Talmida, I, too, believe in standards for formal English. I'm sorry that wasn't clear in what you read. I have posted earlier in my blog on this point. I simply believe that our standards are derived from usage by those who speak a language, including the best speakers of a language. We do not impose a grammar upon a language, but, rather, discover what the grammar is from how people use the language. There are standard dialects of English. There is even enough agreement among the different standard dialects (British RP, American Midwest, standard Canadian, etc.) that a single, good quality literary form English Bible can be produced which will be understood by all speakers of standard dialects of English. There is no need to translation in to a million different dialects. We don't have the energy for that, and many people do not want to read the Bible in their own sub-dialect. We faced that when some people wanted to translate the Bible into Ebonics, but many speakers of Ebonics preferred to continue using a Bible written in a standard dialect of English, while continuting, themselves, to speak Ebonics within their own language group.

There are genuine language rules followed by those who speak every dialect. The rules of the "standard" dialects should be followed to produce good quality Bible versions. Because we would be following the rules used by good speakers and writers, it would not be a lowest common denominator kind of "low" speech. Rather, it is English which is respected and understood by all, including English professors.

It just doesn't need to follow the non-usage rules taught by "school grammarians" who tried to get people to follow artificial rules such as not splitting infintives (which was based on Latin, whose infintives could not be split because they, like Spanish, French, and other Romance languages, are single words, not separable), or not ending a sentence with a preposition. What is the logical, literary reason for not ending a sentence with a preposition. I don't know of any, other than that it's what prescriptive grammarians were taught and then they taught it to their students.

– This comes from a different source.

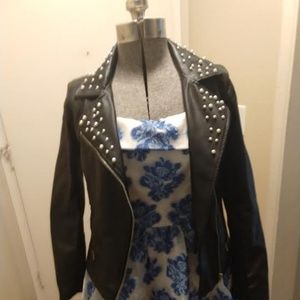 Faux Leather Jacket with Pearls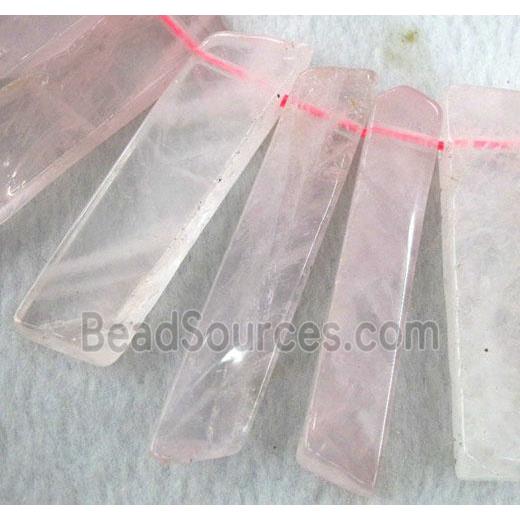 Rose Quartz collar beads, stick, pink, top drilled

Language usage changes. It's a fact of life. We no longer use "thee" and "ye" in English, so we don't need to use these words in English translations of the Bible.

English had had a least three different kinds of negatives. One, "nye" (cognate with French ne), is totally gone, but can be found in old English literature.

The second form used the order of verb plus not, as in "Think not that I have come to destroy the law." That word order was already giving way to the contemporary order at the time the King James Version was being written in the early 1600's, but the KJV translators decided to retain that word order in most but not all passages. By 1750 A.D. the shift to the contemporary negative word order was complete, with only a few exceptions found in literature, especially when an author was trying to maintain a classical sound.

Today everyone uses the rule of do-support and the placement of the word "not" which you and I are accustomed to, as in:

"Do not think that I have come to destroy the law."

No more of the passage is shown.